┌─ Supplied entries
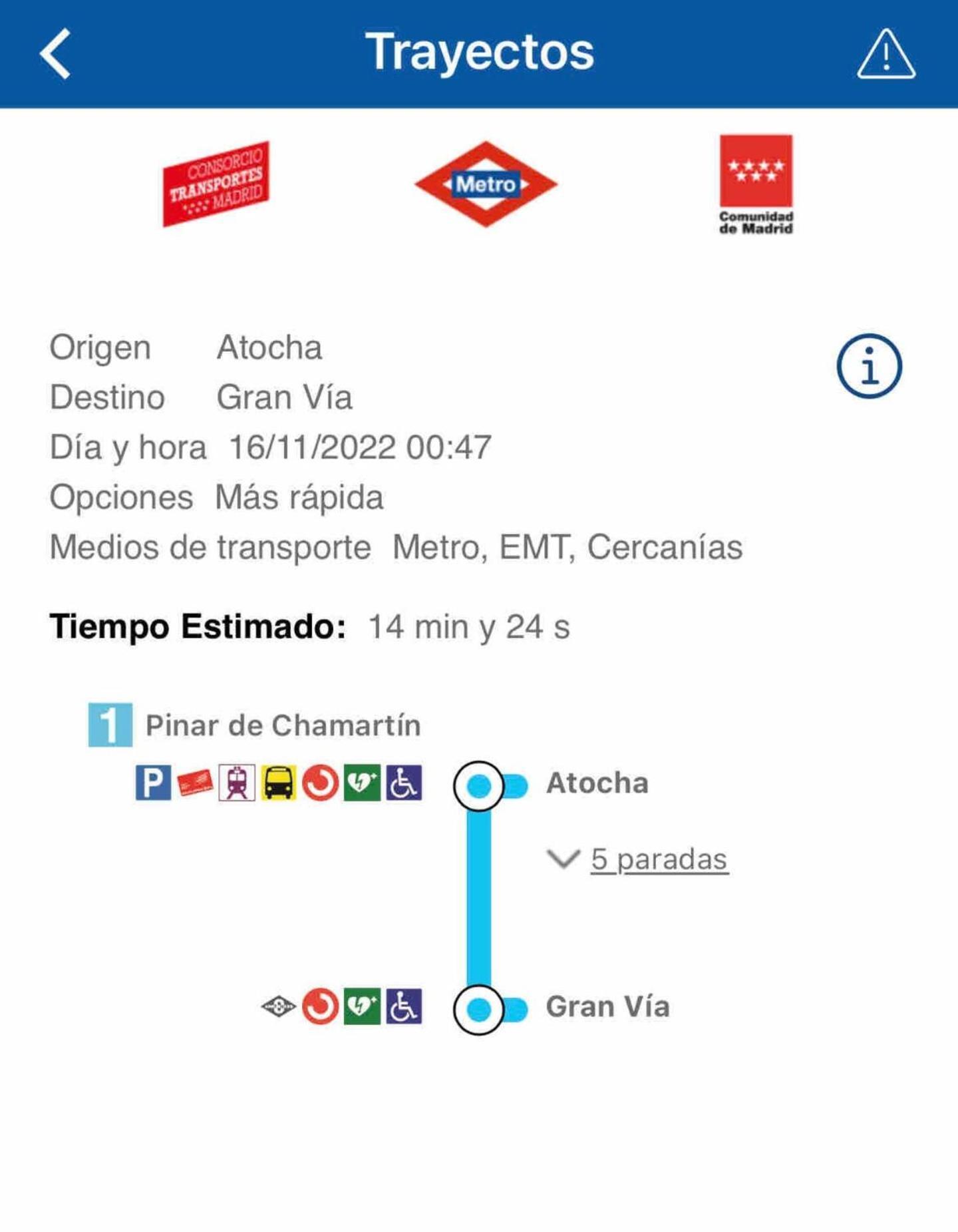 Apartamento Flamencos, Malasaña *
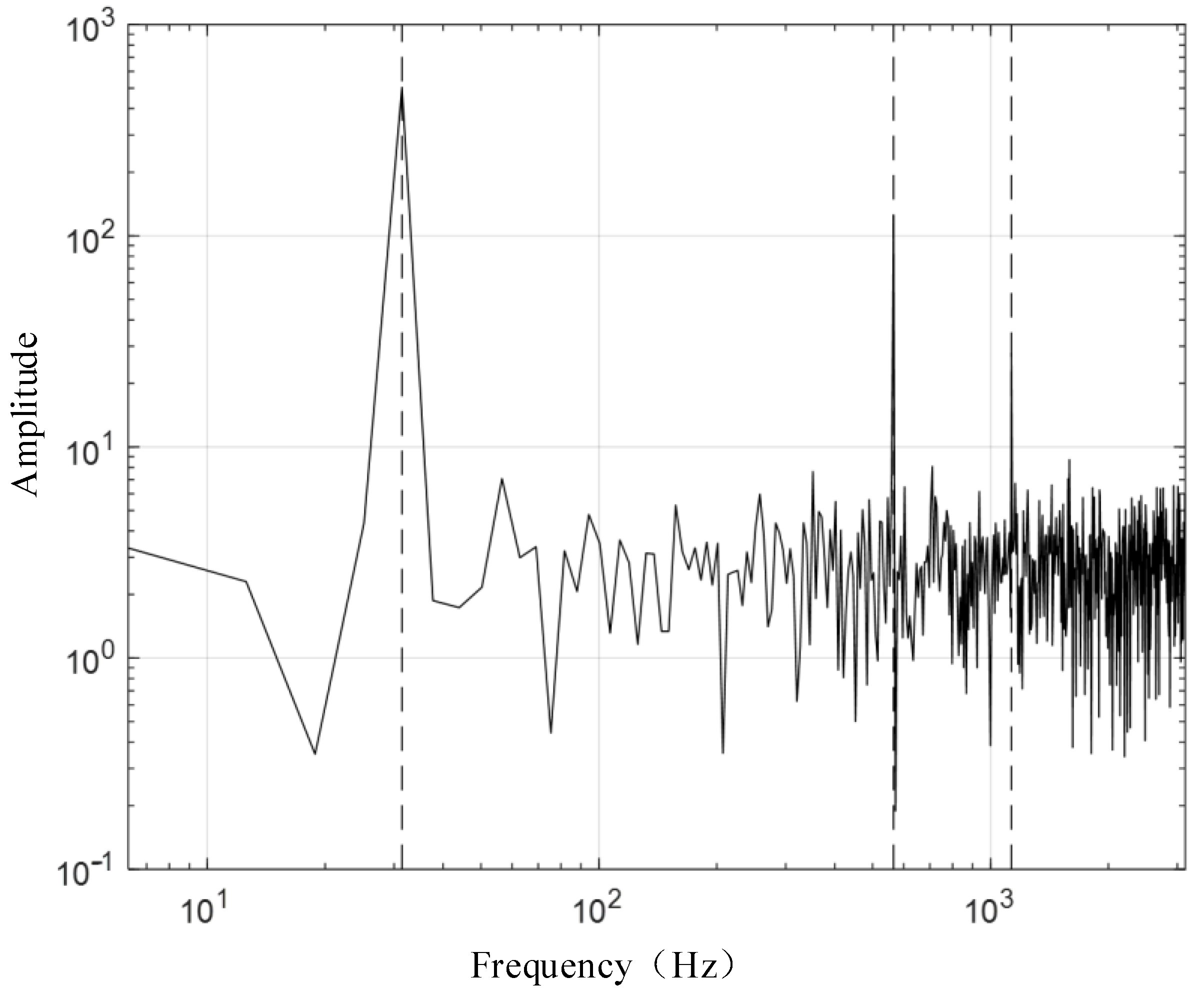 Sensors 24 03708 g003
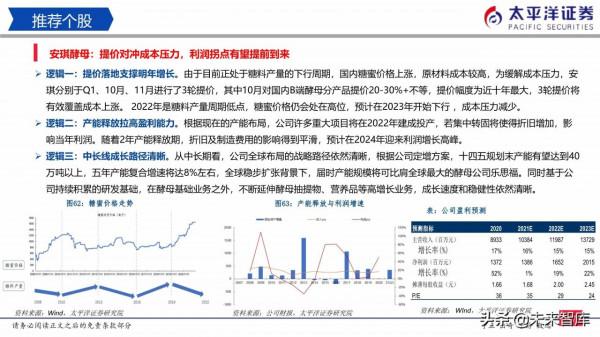 食品飲料行業研究:白酒穩中有進、積極佈局食品 食品飲料行業研究:白酒穩中有進、積極佈局食品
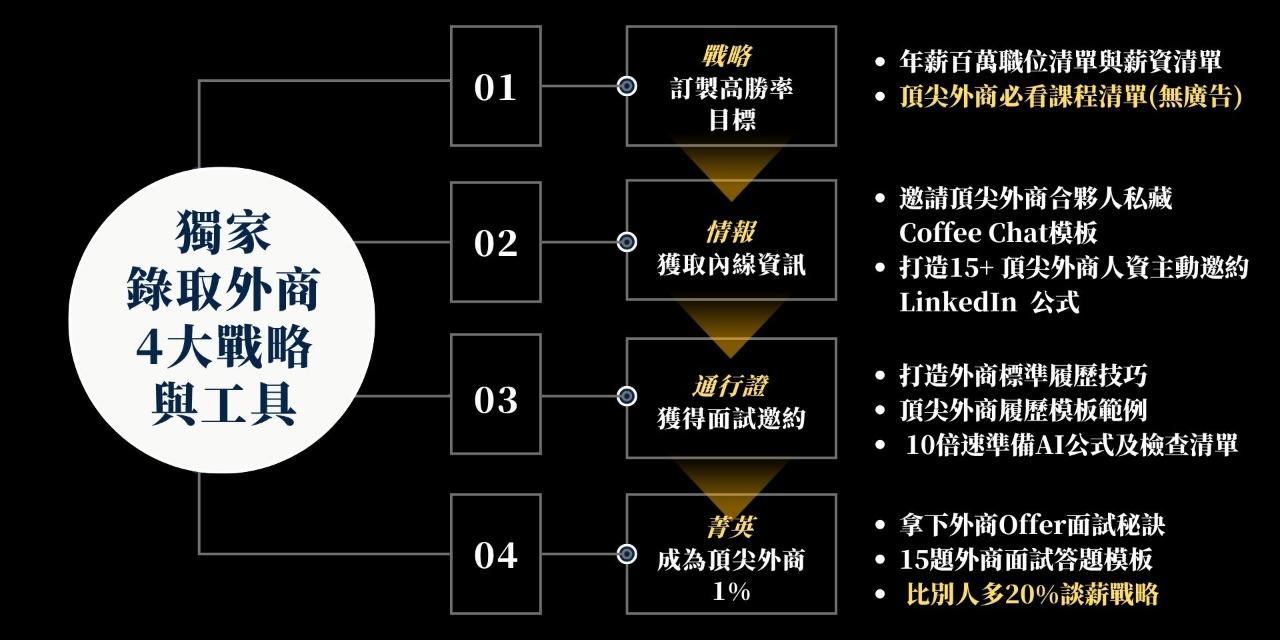 【早鳥29折】百萬年薪攻略：新手班 4.0 (限時贈1-1履歷健檢/
模擬面試/職涯諮詢擇一)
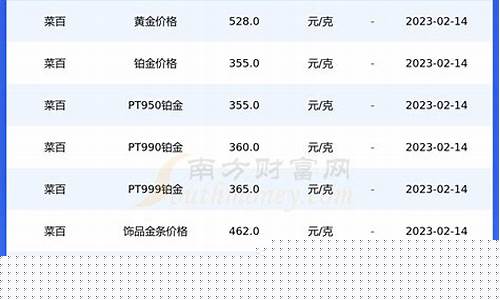 2020菜百铂金价格_2020年菜百铂金多少钱一克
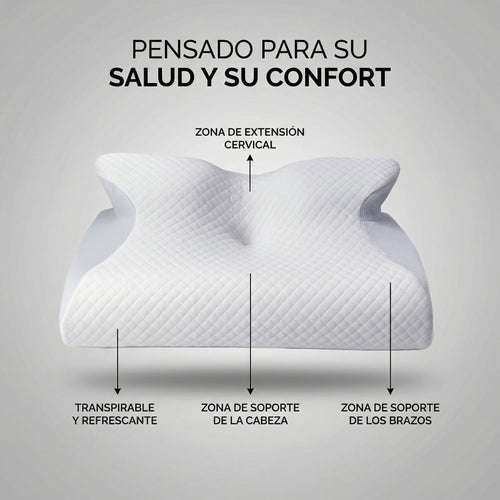 Almohada Ergonómica Confortiva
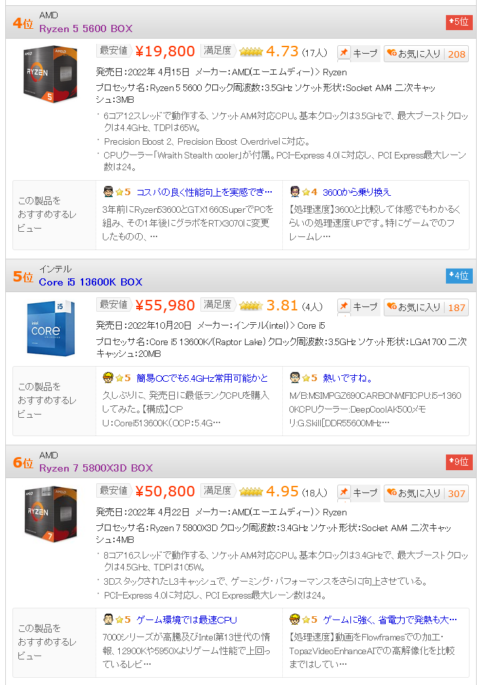 cO3qmMK-480x685 【緊急速報】Zen3CPU 投げ売り開始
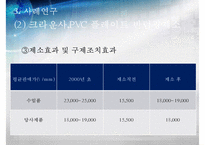 [덤핑, 반덤핑 사례, 영향] 덤핑의 정의, 덤핑 형태, 덤핑 영향, 반덤핑 정의, 반덤핑 영향, 반던핌 사례-12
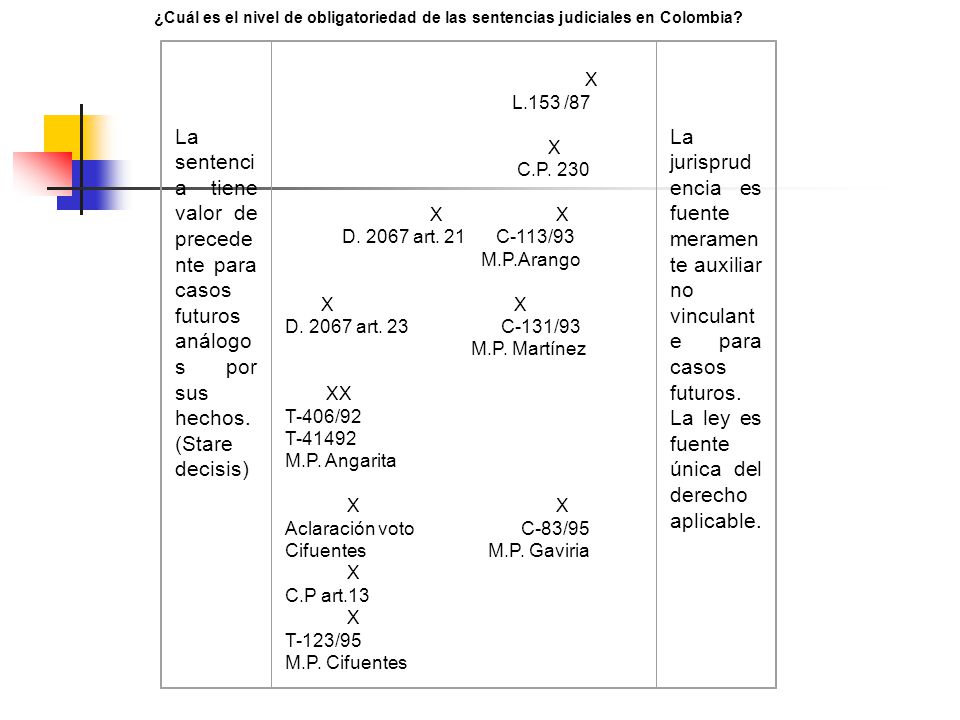 ¿Cuál es el nivel de obligatoriedad de las sentencias judiciales en Colombia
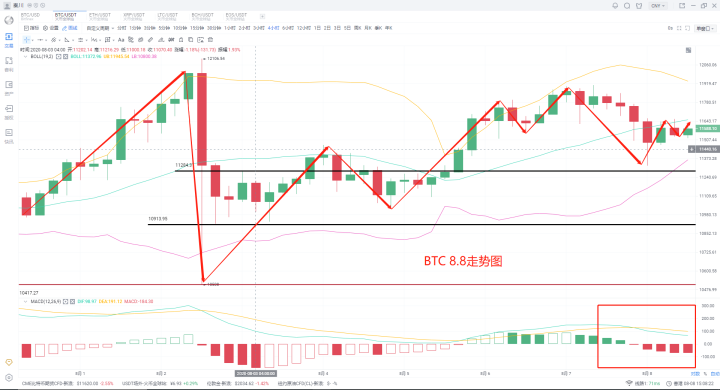 2020年8月8日比特币再次深陷，V市场陷入僵局，何时才能确定方向？1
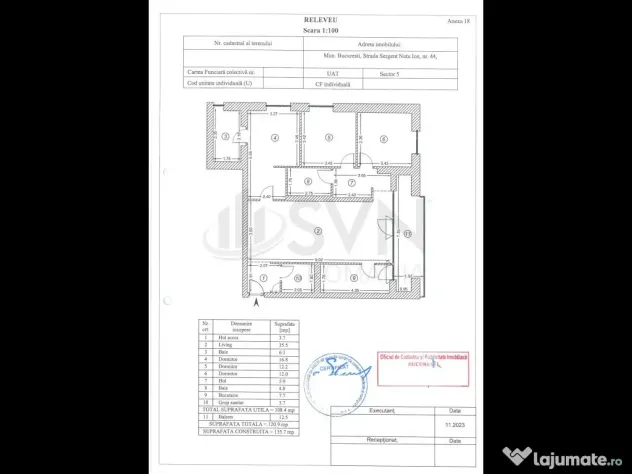 ONE Cotroceni l Apartament 4 camere l 136 mp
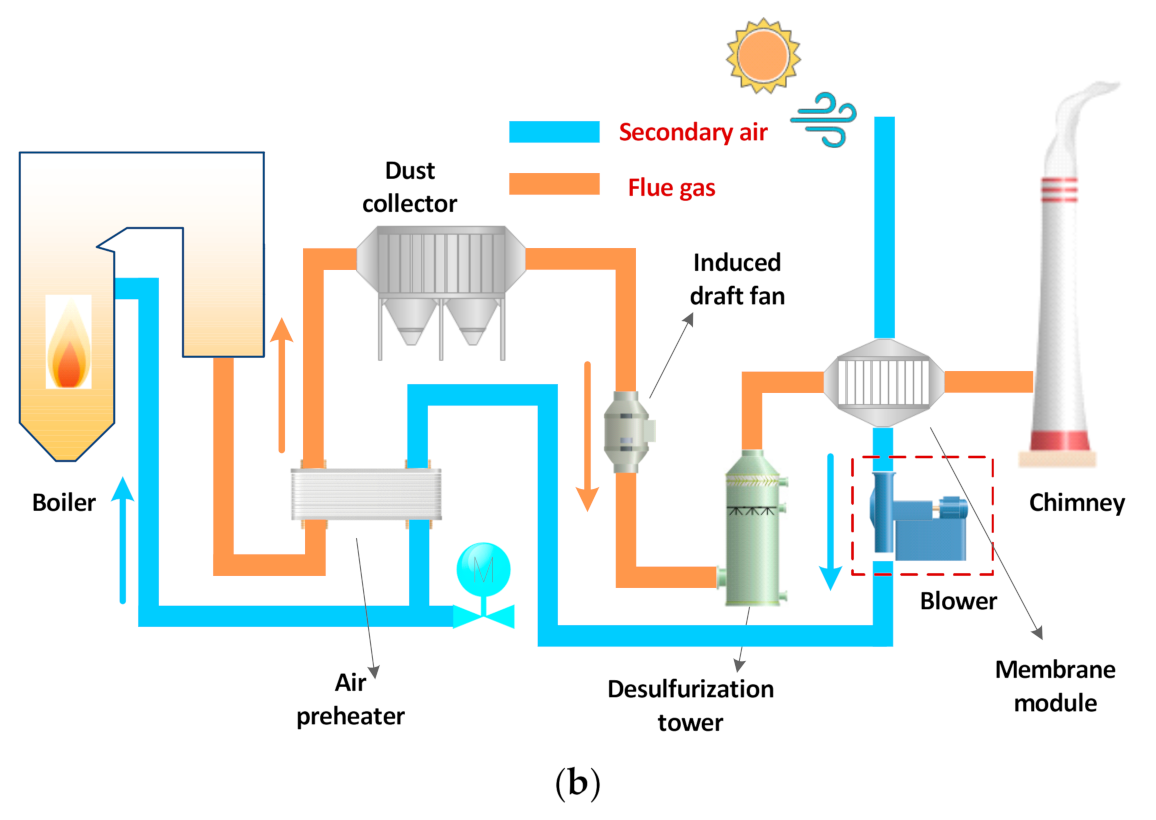 Membranes 11 00701 g002b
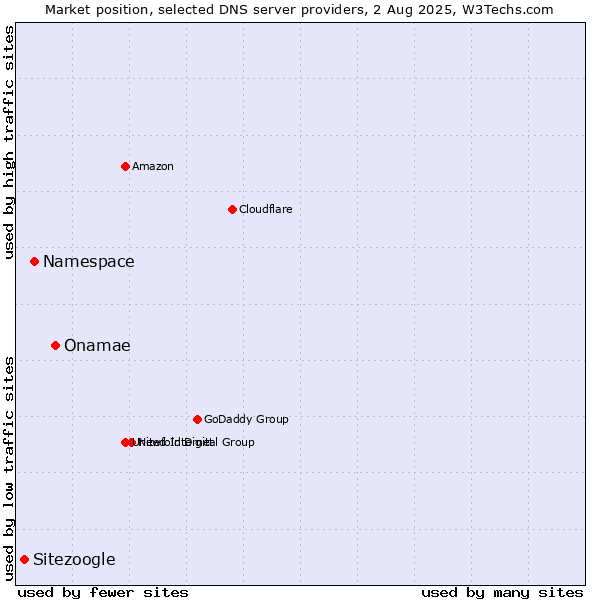 Market position of Onamae vs. Namespace vs. Sitezoogle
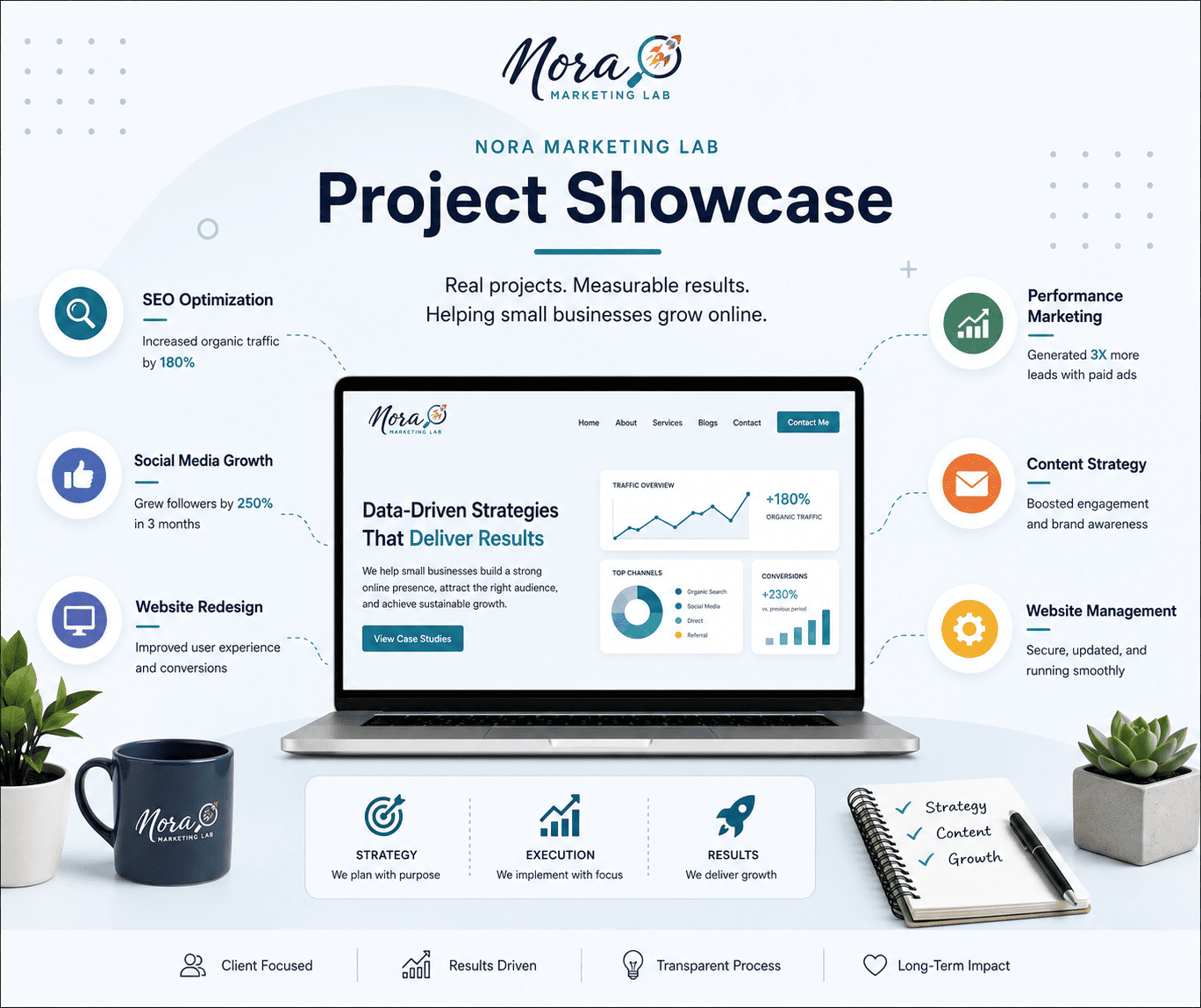 Nora Marketing Lab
└─
> _Your assignment_: Reproduce the lines above exactly, please, but not the pictures in them.

> _Solution for this problem_:
 Apartamento Flamencos, Malasaña *
 Sensors 24 03708 g003
 食品飲料行業研究:白酒穩中有進、積極佈局食品 食品飲料行業研究:白酒穩中有進、積極佈局食品
 【早鳥29折】百萬年薪攻略：新手班 4.0 (限時贈1-1履歷健檢/
模擬面試/職涯諮詢擇一)
 2020菜百铂金价格_2020年菜百铂金多少钱一克
 Almohada Ergonómica Confortiva
 cO3qmMK-480x685 【緊急速報】Zen3CPU 投げ売り開始
 [덤핑, 반덤핑 사례, 영향] 덤핑의 정의, 덤핑 형태, 덤핑 영향, 반덤핑 정의, 반덤핑 영향, 반던핌 사례-12
 ¿Cuál es el nivel de obligatoriedad de las sentencias judiciales en Colombia
 2020年8月8日比特币再次深陷，V市场陷入僵局，何时才能确定方向？1
 ONE Cotroceni l Apartament 4 camere l 136 mp
 Membranes 11 00701 g002b
 Market position of Onamae vs. Namespace vs. Sitezoogle
 Nora Marketing Lab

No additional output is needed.